The Laundromat Review - A light take on the scandal that shook the world

The Laundromat Review - A light take on the scandal that shook the world

The Panama papers scandal had shaken the entire world. The names involved in the money-laundering and holding offshore accounts, black money...to name a few, involved some of the who's who of the celebrity world. But nevertheless, pretty soon the scandal died down as the media stopped reporting it. But did it really die down? “The Laundromat” recounts dramatized events about the Panama Papers, a 2015 data leak that connected hundreds of public figures and elites from 200 countries to an obscure Panamanian law firm, Mossack Fonseca. Steven Soderbergh, the director chooses to explain the international political scandal from his own perspective. The story is narrated by Jürgen Mossack and Ramón Fonseca (played by Gary Oldman and Antonio Banderas), who guide us to the complicated regulatory and economic matters that enabled massively wealthy individuals to evade taxes by hiding their money in offshore accounts.

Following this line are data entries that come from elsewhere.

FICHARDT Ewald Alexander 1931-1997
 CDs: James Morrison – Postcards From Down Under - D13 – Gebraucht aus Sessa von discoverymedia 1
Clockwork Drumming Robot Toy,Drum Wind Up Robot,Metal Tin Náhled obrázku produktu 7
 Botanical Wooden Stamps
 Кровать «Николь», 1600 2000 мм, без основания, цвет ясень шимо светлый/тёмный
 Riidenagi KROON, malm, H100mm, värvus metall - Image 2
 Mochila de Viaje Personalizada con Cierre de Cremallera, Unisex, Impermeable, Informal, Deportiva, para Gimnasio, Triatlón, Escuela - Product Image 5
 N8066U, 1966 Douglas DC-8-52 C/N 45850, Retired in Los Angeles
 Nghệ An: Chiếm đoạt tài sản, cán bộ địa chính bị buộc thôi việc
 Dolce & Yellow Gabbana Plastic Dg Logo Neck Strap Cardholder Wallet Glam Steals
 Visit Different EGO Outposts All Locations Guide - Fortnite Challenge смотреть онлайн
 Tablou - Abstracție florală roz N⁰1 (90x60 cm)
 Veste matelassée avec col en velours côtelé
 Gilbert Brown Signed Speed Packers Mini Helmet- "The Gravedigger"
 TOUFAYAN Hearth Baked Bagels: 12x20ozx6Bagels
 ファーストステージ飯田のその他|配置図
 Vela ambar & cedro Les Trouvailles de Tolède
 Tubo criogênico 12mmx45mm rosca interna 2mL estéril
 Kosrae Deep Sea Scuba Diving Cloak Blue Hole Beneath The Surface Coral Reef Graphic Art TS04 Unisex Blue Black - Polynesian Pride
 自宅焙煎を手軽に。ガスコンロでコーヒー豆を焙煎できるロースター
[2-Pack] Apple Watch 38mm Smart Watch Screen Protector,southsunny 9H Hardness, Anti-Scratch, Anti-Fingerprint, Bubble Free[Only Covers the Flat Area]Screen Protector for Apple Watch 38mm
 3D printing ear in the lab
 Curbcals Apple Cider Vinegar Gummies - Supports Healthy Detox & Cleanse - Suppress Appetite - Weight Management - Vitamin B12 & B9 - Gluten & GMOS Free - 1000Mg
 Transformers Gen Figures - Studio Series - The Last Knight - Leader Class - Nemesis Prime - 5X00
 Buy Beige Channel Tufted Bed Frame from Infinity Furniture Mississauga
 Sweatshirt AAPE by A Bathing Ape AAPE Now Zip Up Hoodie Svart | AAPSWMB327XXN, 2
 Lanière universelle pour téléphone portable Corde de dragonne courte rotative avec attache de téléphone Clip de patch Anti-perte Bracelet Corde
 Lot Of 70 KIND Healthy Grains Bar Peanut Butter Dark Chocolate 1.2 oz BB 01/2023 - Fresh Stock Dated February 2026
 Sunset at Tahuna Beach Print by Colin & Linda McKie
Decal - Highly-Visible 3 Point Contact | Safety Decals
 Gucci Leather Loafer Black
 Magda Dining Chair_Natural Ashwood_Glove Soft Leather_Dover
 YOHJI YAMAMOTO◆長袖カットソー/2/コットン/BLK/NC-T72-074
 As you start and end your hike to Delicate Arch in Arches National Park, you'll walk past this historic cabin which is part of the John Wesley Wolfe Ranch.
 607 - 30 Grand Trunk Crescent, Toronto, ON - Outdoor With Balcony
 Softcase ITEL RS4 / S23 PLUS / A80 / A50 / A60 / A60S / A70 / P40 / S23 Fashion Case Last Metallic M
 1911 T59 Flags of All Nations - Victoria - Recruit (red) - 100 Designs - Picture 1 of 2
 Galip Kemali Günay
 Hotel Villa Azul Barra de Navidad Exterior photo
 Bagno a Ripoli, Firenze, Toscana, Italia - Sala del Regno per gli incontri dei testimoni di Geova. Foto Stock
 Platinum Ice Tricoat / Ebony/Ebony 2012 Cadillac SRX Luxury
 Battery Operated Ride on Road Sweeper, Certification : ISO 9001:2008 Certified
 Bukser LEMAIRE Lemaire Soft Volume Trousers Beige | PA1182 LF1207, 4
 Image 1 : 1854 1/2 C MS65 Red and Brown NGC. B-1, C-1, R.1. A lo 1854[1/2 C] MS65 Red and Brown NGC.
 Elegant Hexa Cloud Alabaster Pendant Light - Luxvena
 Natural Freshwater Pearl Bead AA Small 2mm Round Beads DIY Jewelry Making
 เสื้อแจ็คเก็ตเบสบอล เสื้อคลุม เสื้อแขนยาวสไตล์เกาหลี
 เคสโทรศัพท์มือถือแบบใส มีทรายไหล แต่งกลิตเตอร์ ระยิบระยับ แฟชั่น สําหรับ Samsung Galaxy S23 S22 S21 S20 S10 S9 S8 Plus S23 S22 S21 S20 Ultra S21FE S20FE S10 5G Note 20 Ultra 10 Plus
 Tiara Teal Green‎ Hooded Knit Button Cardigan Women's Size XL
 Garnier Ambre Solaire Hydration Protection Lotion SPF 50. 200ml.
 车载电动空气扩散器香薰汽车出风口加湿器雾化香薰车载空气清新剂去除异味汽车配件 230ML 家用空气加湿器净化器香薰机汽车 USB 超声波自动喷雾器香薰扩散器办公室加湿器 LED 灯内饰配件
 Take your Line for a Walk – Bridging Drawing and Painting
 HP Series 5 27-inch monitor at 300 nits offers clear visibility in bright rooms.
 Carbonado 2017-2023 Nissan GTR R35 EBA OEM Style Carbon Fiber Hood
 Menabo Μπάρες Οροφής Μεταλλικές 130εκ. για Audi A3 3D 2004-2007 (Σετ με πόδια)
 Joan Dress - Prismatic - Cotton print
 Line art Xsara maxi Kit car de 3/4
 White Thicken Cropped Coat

The Laundromat aims to throw light on loopholes in various countries’ tax codes that are being exploited by the rich and elite and how they affected ordinary people — like a woman named Ellen (Meryl Streep) who loses her husband in a tour boat accident. Ellen's insurance settlement from her husband's death leads her down a rabbit hole of tax schemes and fake companies. The film's other stellar cast includes Streep, Oldman, Banderas, James Cromwell, Sharon Stone, David Schwimmer, Matthias Schoenaerts, Will Forte, Chris Parnell, Jeffrey Wright, Rosalind Chao, Nonso Anozie, and many more. Clearly, the film belongs to Streep. She remains a star, captivating as she argues with a real estate agent in an empty Las Vegas condo or sprays an office with buckshot in a lopsided fantasy sequence. True at some junctures in the film, you might get befuddled, but the film is thoroughly entertaining even though it chooses to explain completely boring and insipid concepts of tax-evasion. I had to google terms like capital gains to get a better understanding of the concept shown in the film, but nevertheless, The Laundromat is an entertaining watch. Soderbergh tries to maintain a balance between the light and heavy themes of the film.